TAM was formulated by Fred D. Davis to provide a valid measurement scale for assessing user acceptance of computers (Davis 1989, 1993). TAM is focused more on technology, and is claimed to be different from previous measurements as it provides a valid measurement scale to predict user acceptance of IT. These measurements were derived from TRA. To measure user acceptance, TAM uses two variables, “perceived usefulness” and “perceived ease” of use (Davis 1989, 1993). Perceived usefulness (PU) refers to the degree to which the user believes the new technology would enhance job performance (Davis 1989, 1993; Davis, Bagozzi & Warshaw 1989). Perceived ease of use (PEU) refers to the user’s belief that using the new technology would require minimum effort (Davis 1989, 1993; Davis, Bagozzi & Warshaw 1989). TAM suggested that the user’s intention to use new technology is jointly determined by attitudes toward using and perceived usefulness (Davis 1989, 1993; Davis, Bagozzi & Warshaw 1989) as shown in Figure 1:
Figure 1. Technology Acceptance Model (adopted from Davis 1989)
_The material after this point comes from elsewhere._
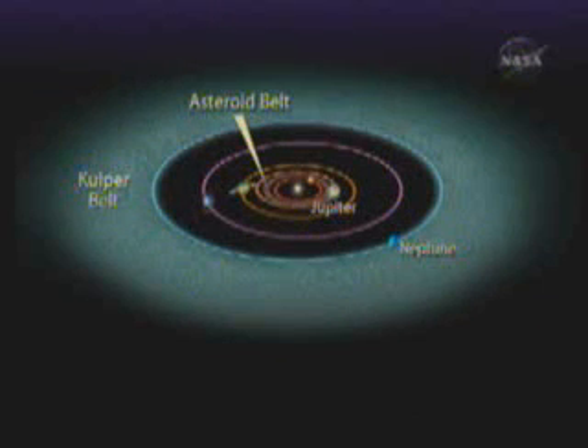Fomalhaut-B is orbiting around the inside of this dust belt, dynamically sculpting and shaping it. A similar thing happens in our own solar system, as you can see in the figure below. If you go to the next slide, there's an enlargement of our solar system. Neptune does a similar thing, basically sculpting the inside edge of the Kuiper belt — a dust belt around the outside of our own solar system that is very similar and analogous to the one you see around Fomalhaut.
PEU may be influenced by two factors: the “availability of training and support” and “perceived accessibility” of the new technology (Karahanna & Straub 1999). PEU is also influenced by computer self-efficacy, objective usability, and direct experience (Venkatesh & Davis 1996). PU may be influenced by three factors: the availability of training and support; the social presence of the technology through communication channels; and the social influence to use the new technology (Karahanna & Straub 1999). However, in TAM the main focus to measure user acceptance is PU and PEU. TAM seems to ignore subjective norms found in both TRA and TPB. Probably TAM assumes that subjective norms are included within external variables.
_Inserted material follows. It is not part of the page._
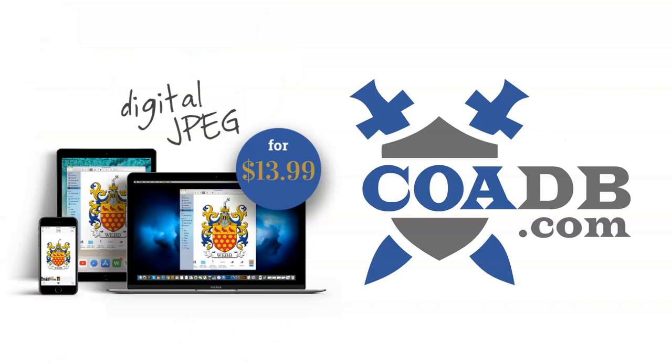And if you enjoyed this video, please visit us at coadb.com, link in the description. Thank you very much.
As a model of measuring and predicting user acceptance of new technology, TAM has been tested in various contexts. It has been tested on IT adoption in North America, Switzerland, and Japan (Straub, Keil & Brenner 1997). It has also been tested with government employees (Roberts & Henderson 2000), web systems and e-commerce (Chen & Tan 2004; Lederer et al. 2000; Moon & Kim 2001; Yi & Hwang 2003), electronic supermarkets (Henderson & Divett 2003), and even in agricultural sectors (Flett et al. 2004). TAM is widely used and has been perceived as valid in different contexts.
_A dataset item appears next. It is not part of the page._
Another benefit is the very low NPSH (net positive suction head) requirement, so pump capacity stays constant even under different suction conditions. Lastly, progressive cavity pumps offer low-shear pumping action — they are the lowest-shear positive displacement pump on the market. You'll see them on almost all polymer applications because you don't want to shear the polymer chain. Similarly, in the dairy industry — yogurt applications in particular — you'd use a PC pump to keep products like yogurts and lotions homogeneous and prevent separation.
Although TAM has been widely used, it has been found that it could not explain the IT adoption experience in Japan (Straub, Keil & Brenner 1997). Straub et.al. (1997) believe that this is due to cultural differences. Although it is not clear whether culture is the cause of differences in that study result and what the specific cultural characteristics are that cause the differences, TAM still could not explain the Japanese experience in IT adoption. Furthermore, TAM measurement tools (questionnaires for PEU and PU) could be biased if the researcher changes the order of questions asked. Changing the order or even the wording of questions is common practice when adapting TAM for investigations in different contexts (Davis & Venkatesh 1996). The order of questions and the translations of TAM’s questionnaire might be responsible for the Japanese result. Other research has found that although TAM is useful for predicting user acceptance of new technology, it is better in explaining technology adoption if the researcher takes into account human and social change processes and also the adoption of innovation model (Legris, Ingham & Collerette 2003). TAM’s focus on PU and PEU did not cover whether there is the need for applicability of a technology (IT) or whether it is “objectively” useful.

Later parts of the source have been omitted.